Lu was part of more than 150,000 families from Binzhou who have been able to seek help with individual cases since a joint UNDP - Government of China project launched in October 2011 to improve public participation in government performance assessment (GPA) in China. The consultation she had attended was one of many run as part of the project for the police authorities to survey public satisfaction. The information they collected allowed them to respond to people’s issues, and reorganise themselves to prevent similar mistakes from happening again.
More broadly, the project that helped Lu Enlan voice her concerns is aiming to help the government to keep up with the ever-faster changes in society, dealing with people’s needs, views, expectations and desire for participation. Despite reasonably good governance reform plans, many local governments in China are being outpaced by socio-economic issues and demand. Gaps often emerge between public expectations of government and its actual performance. This constitutes a major obstacle to national development and can even lead to public tensions. UNDP is helping the government to find ways to deal with these complaints.
The project has helped Binzhou and other local pilots to improve their GPA, in particular by proposing practicable methods for public participation in GPA, and including public satisfaction as an important GPA indicator. As well as consultations such as the one that brought Lu’s case to Officer Wang’s attention, hotlines have been established for people to report complaints and a Public Opinion Survey Centre now polls random samples of the population to monitor public satisfaction.

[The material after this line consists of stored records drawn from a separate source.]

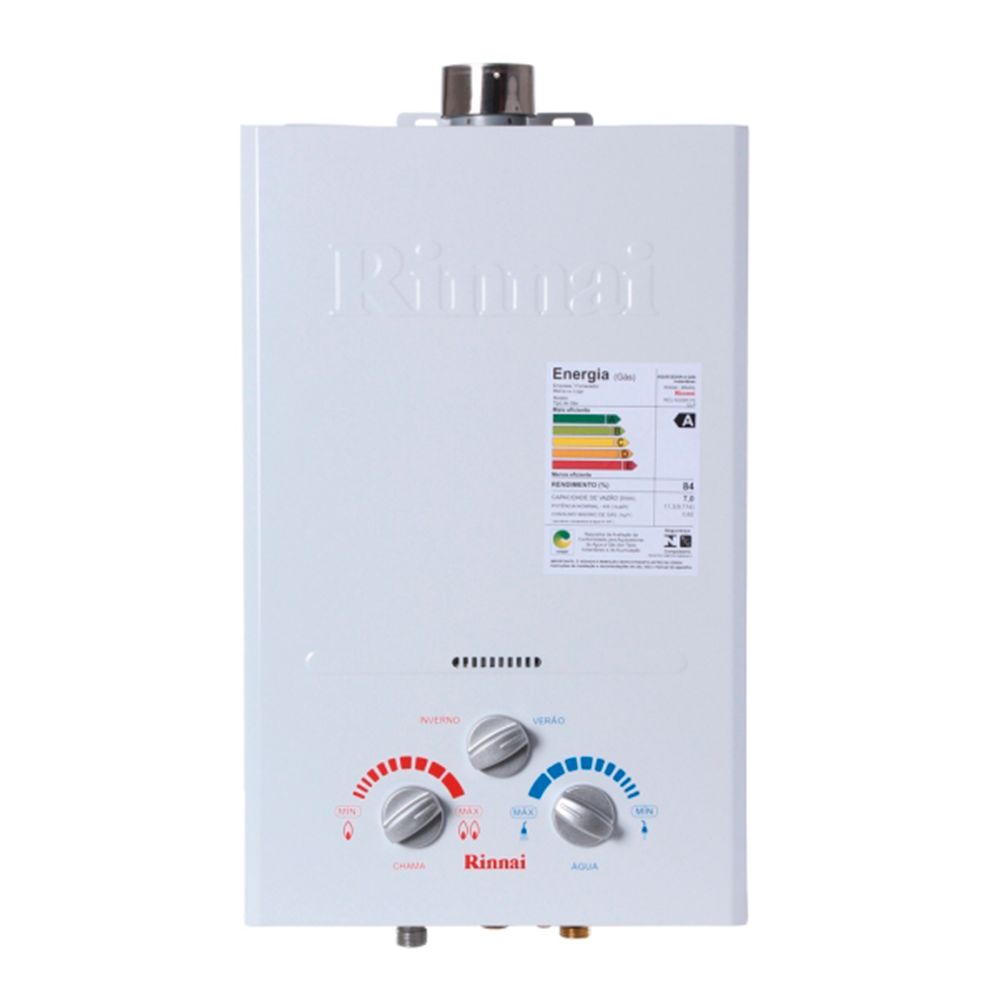 Aquecedor a Gás Mecânico GLP/GN 7 L/Min RINNAI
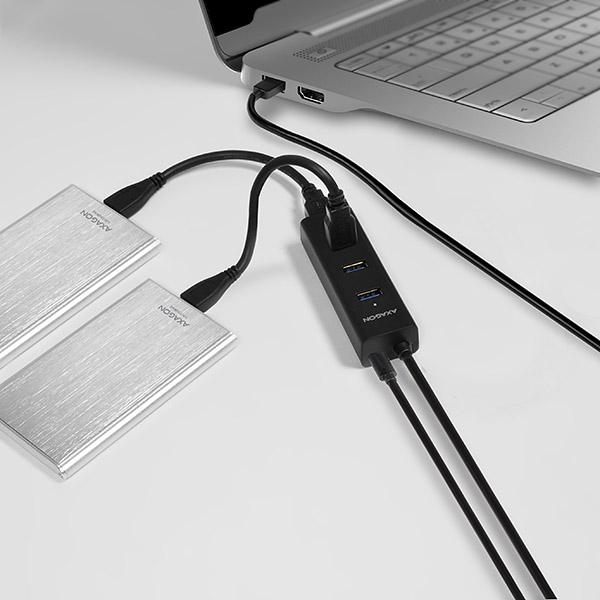 AXAGON HUE-S2BP, 4x USB 3.0 CHARGING hub, vr. AC adaptéra, kábel USB-A 1.2m 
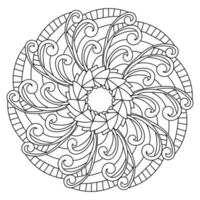 Mandala coloring page with curls and symmetrical stripes, antistress illustration for meditative coloring vector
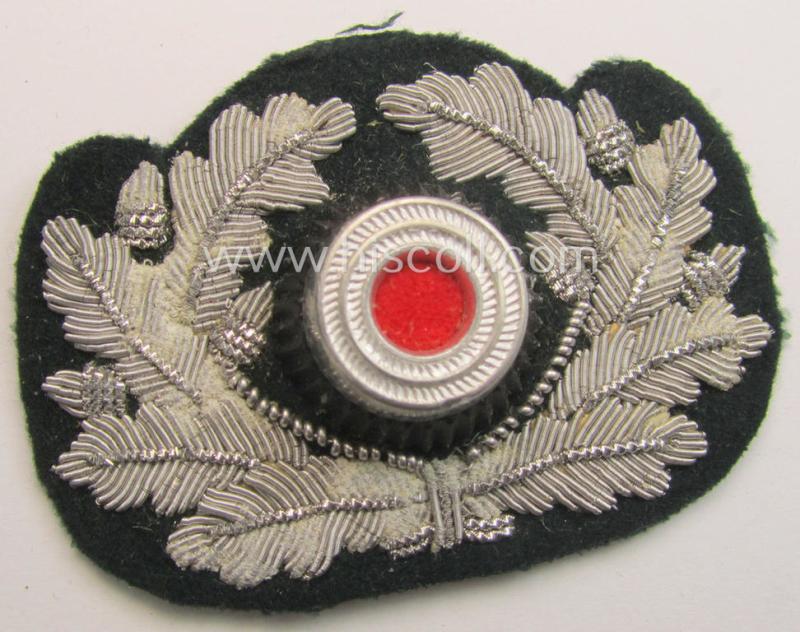 Neat, WH (Heeres) officers'-type, (partly) hand-embroidered cap-cocarde (ie: 'Kokarde für Schirmmütze') that comes in an overall very nice - (I deem minimally used- ie. once-visor-cap-attached-), condition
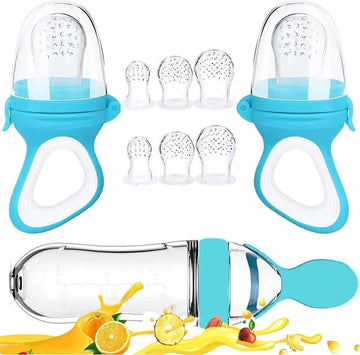 Baby Silicone Feeding Set - Squeezing Bottle, Nibbler & Pacifier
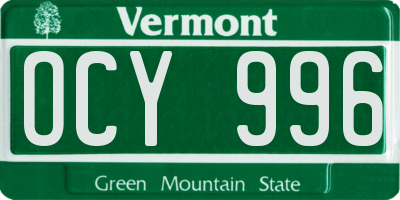 VT license plate OCY996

Since 2010 Binzhou’s government has responded to over 5,000 queries from the public and consulted 60,000 people for performance assessment. The public has also been able to interact directly with senior officials including the mayor in online Q&A sessions. These efforts have been a proven success, with a 90% satisfaction rate among service users.
Binzhou’s problems are not unique to the city but widespread across China, and the techniques developed and lessons learned here in addressing them can be usefully exported to the rest of the country.
Three weeks later, on May 30, Lu was standing outside Pengli Police Station beaming from ear to ear with a brand new ID card in one hand and Officer Wang’s hand clasped in the other. With the new card Lu could finally access the services she had needed so much.
“You worked so hard to relieve my concerns, I have no idea how to express my gratitude – now I can receive my pension from the government like others do!”
Thanks to the cooperation between UNDP and Binzhou, Lu received the sort of help that would have been unthinkable before. With UNDP’s assistance, the Chinese government is taking steps in the right direction to prevent predicaments such as Lu’s in the future.